Life and death follow each other like a shadow. Those who are born will die and on dying will be born again. Living and dying have no end. So where do we come from before birth and where do we go upon death? Most people do not have a clear understanding of this question.

According to the Buddhist teaching of the Twelve Links of Dependent Origination, sentient beings' beginningless ignorance, or avidya, and their committing various actions, or samskara, result in consciousness, or vijnana. As the alaya-vijnana develops a mother's womb and becomes a living being, it is called name and form, or namarupa, the mental and physical components of the living being. Within months, the physical body's six sense organs of the eyes, ears, nose, tongue, body, and mind mature and are called sadayatana. After the baby is born and comes into contact with the environment, or sparsa, he/she has feelings, or vedana, and positive and negative sensations which develop into likes and dislikes, or trsna. Further grasping, or upadana, is developed for what is loved and enjoyed. Because of the actions committed by the body, speech, and mind, the being, or bhava, for the next existence is planted. Where there is birth, or jati, there is inevitably old age and death, or jaramarana. Death is the beginning of another lifespan. Therefore, Buddhism teaches that transmigration of life and birth is without beginning or end.

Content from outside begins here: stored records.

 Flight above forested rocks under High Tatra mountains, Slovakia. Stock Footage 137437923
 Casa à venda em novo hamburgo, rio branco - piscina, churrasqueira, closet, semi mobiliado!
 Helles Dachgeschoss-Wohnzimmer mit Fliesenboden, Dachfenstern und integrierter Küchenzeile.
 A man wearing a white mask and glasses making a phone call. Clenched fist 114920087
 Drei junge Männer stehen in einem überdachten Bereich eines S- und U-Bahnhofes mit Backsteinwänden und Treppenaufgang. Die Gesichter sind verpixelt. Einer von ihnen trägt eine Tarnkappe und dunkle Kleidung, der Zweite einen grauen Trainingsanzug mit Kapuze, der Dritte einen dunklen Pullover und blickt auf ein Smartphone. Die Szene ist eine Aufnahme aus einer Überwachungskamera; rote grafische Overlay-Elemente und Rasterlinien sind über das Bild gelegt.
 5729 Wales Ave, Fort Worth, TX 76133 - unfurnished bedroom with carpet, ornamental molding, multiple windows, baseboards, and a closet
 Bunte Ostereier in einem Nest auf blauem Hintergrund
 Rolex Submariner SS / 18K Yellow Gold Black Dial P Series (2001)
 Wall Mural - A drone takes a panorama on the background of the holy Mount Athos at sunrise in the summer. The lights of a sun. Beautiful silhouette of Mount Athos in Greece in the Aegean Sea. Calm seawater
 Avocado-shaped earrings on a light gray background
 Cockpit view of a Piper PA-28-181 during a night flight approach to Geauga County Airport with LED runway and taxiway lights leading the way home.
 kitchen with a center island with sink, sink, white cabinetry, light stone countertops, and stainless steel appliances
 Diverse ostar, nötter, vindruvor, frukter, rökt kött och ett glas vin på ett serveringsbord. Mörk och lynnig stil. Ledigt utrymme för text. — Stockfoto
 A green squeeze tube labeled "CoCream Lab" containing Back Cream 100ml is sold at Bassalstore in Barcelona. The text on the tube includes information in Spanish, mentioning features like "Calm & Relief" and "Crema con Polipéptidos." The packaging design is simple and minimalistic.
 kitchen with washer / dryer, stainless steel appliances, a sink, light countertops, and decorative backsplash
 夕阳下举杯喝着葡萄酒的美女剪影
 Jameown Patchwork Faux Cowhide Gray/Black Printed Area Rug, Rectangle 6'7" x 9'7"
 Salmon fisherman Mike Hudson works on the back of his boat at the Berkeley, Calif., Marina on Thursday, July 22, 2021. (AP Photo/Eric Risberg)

The cycle of birth and death is a natural law. Chan Master Chung Chien said, "The existence and death of humans are like a drop of water. In whatever state, it always goes back to water." Chan Master Dao Kai right before he passed away said, "I am seventy-six-years old, and my conditions in the world are fulfilled. I do not long for the heavens while alive and have no fear of hell at death. I simply place myself beyond the three, realms soaring freely with nothing to bind me." In facing living and dying, Chan practitioners might conduct their funeral prior to death, pass away while sitting or standing, or go in the water singing all the way. Some might even dig their own graves in the mountains and bury themselves. They were so carefree.

The life and death of sentient beings depend on their karma while the life of the liberated saints and sages is fulfilled upon the strength of their vows. It is not as extraordinary controlling living and dying. What we really need is to transcend the life and death of our thoughts. Chan Buddhism teaches, "By putting thoughts to death, our Dharma body can live." Our thoughts rise and cease from moment to moment as indicated in the Mahayana sutras, "The ceasing of the previous thought is death and the arising of the next one is birth." In reality, we face life and death every moment. The birth and death of our thoughts are like a gushing torrent and only "non-thought" can block 'the flow of life and death. If we are enlightened to the truth of dependent origination and emptiness, then we can be like" A wooden statue; viewing flowers and birds. It does not matter if thousands of obstacles are all around." We can attain the existence where life and death are one and neither exists. Therefore, the sutra also teaches, "There is nowhere to go as the previous thought ceases and the next thought arising has no place to come from."

Life does not exist only at birth, and neither does it end on death. We are like immigrants at death. We just move to another country. As long as we have the resources for existence, merit, and Dharma wealth, we need not fear about living in another land. Therefore, dying is nothing to be feared. Where we go after death is much more important.

Chan Master Dao Yuan said, "If there is Buddha amidst living and dying, then there will be no living and dying. If we understand living and dying as the truth of nirvana, then we have no aversion to them and even no desire for nirvana. We can naturally be liberated from life and death." If we can clearly understand this truth and eradicate our ignorance, our enlightenment will liberate us from the delusion of life and death. Thus, we can settle ourselves beyond the fences of living and dying and have no fear of death.